El gobierno no hace política; hace tecnología administrativa. Por eso le encarga a la Senplades, y no al Ministerio de la Política, la conducción del diálogo nacional.
Seguramente porque espera enredar en los vericuetos de la tecnocracia las demandas sociales que cuestionan un problema de poder, de decisión, de modelo de Estado y de sociedad. En esencia, de democracia. Pero desde el régimen parece que entienden a la democracia y a la política como un asunto de marco lógico, de FODA, de Power Point.
¿De qué servirá que el Secretario de Planificación y los ministros se reúnan con todos los sectores imaginables si no tienen ningún poder de decisión? ¿Para qué servirán lo diálogos, los contactos, los acercamientos si al final todo dependerá de la voluntad arbitraria del Presidente? La ministra Celi lo acaba de evidenciar con ostensible malestar: se quejó de que la enviaran a forjar un acuerdo con los empresarios mientras le ponían la cáscara de plátano de las leyes de herencia y plusvalía sin el más mínimo empacho.
El problema de fondo es que ni Correa ni los altos funcionarios de gobierno entienden la democracia. Suponen que esta se reduce a una mampara que justifica el fatalismo mesiánico del “proyecto”. Por eso concentran el poder en lugar de distribuirlo, como en esencia lo exige una auténtica democracia. Porque mientras menos poder tenga la gente, menos necesidad tienen de negociar. Y el diálogo como recurso político –no tecnocrático– implica una negociación en la que las partes ceden. Algo que para Correa resulta inconcebible.

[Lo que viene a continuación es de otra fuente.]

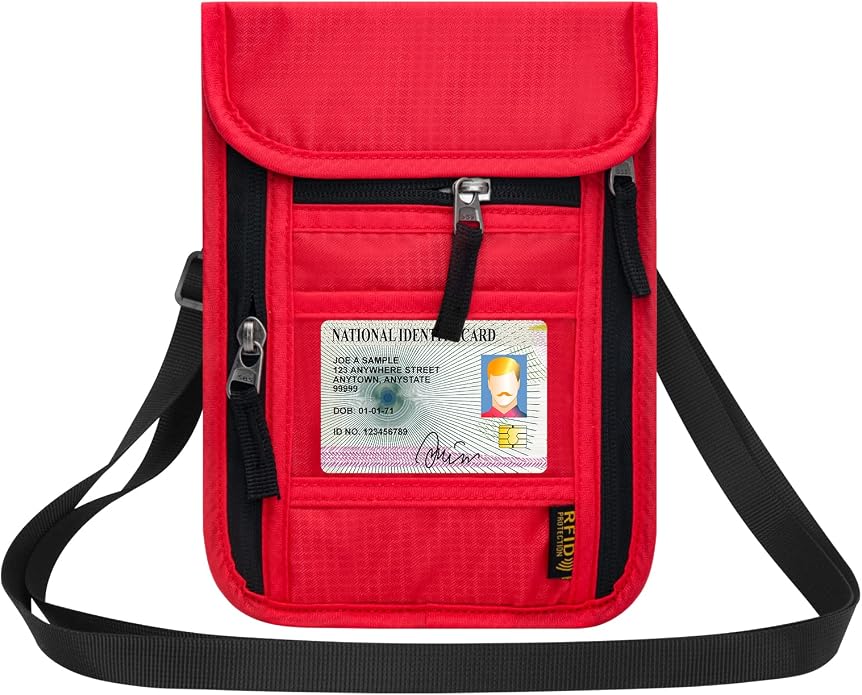 Neck Wallet for Travel, Passport Holder Neck Pouch for Men Women by HOTEMIA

Esto explica que la retórica oficial caiga en una ambigüedad e incoherencia insufribles. Por ejemplo, confundir diálogo con rendición. Por si los sesudos estrategas del gobierno no lo saben, al final de una guerra los vencedores también dialogan con los vencidos, pero para acordar los términos de la rendición. Y al parecer a eso aspiran con un llamado al diálogo donde excluyen, descalifican, estigmatizan, menosprecian, desdeñan, difaman, repulsan, desautorizan y arrinconan a todos aquellos actores sociales y políticos a los que no han podido doblegar. Quieren convidados de piedra, fantoches que legitimen un monólogo autoritario.
El régimen quiere imponer un diálogo a los territorios ciudadanos ocupados. Lo coherente sería que previamente retire su ejército de decretos antipopulares para que todos los invitados se sienten a la mesa en condiciones dignas. ¿Cómo pretende que los movimientos sociales, las organizaciones de trabajadores, el movimiento indígena, los estudiantes, los maestros, las mujeres, la izquierda se sienten a dialogar bajo la espada de Damocles de los decretos 16 y 813, del Plan Familia, de la usurpación del fondo del magisterio, de la confiscación de los fondos del IESS, de la amenaza a la casa de la CONAIE, etc.?
Y conste que aquí únicamente nos referimos a aquellas decisiones que pueden ser revertidas por decisión del Ejecutivo, porque aún hay una serie de leyes vigentes o en camino que constituyen un atentado a los derechos de la mayoría de ecuatorianos.
En estas condiciones, la mayor flaqueza de la convocatoria al diálogo radica en la absoluta falta de confianza que transmite el régimen. No solo por el retiro con piola de las dos últimas leyes, o por su discurso amenazante, o por el revanchismo innato que lo ha caracterizado, sino porque nadie a estas alturas tiene una mínima certeza sobre lo que quiere. Los palos de ciego, las rectificaciones y los frenazos se multiplican con inocultable desesperación. Y en la desesperación solo reina la incertidumbre. El que menos teme que el rato menos pensado cualquier golpe de timón lo termine arrojando por la borda sin previo aviso.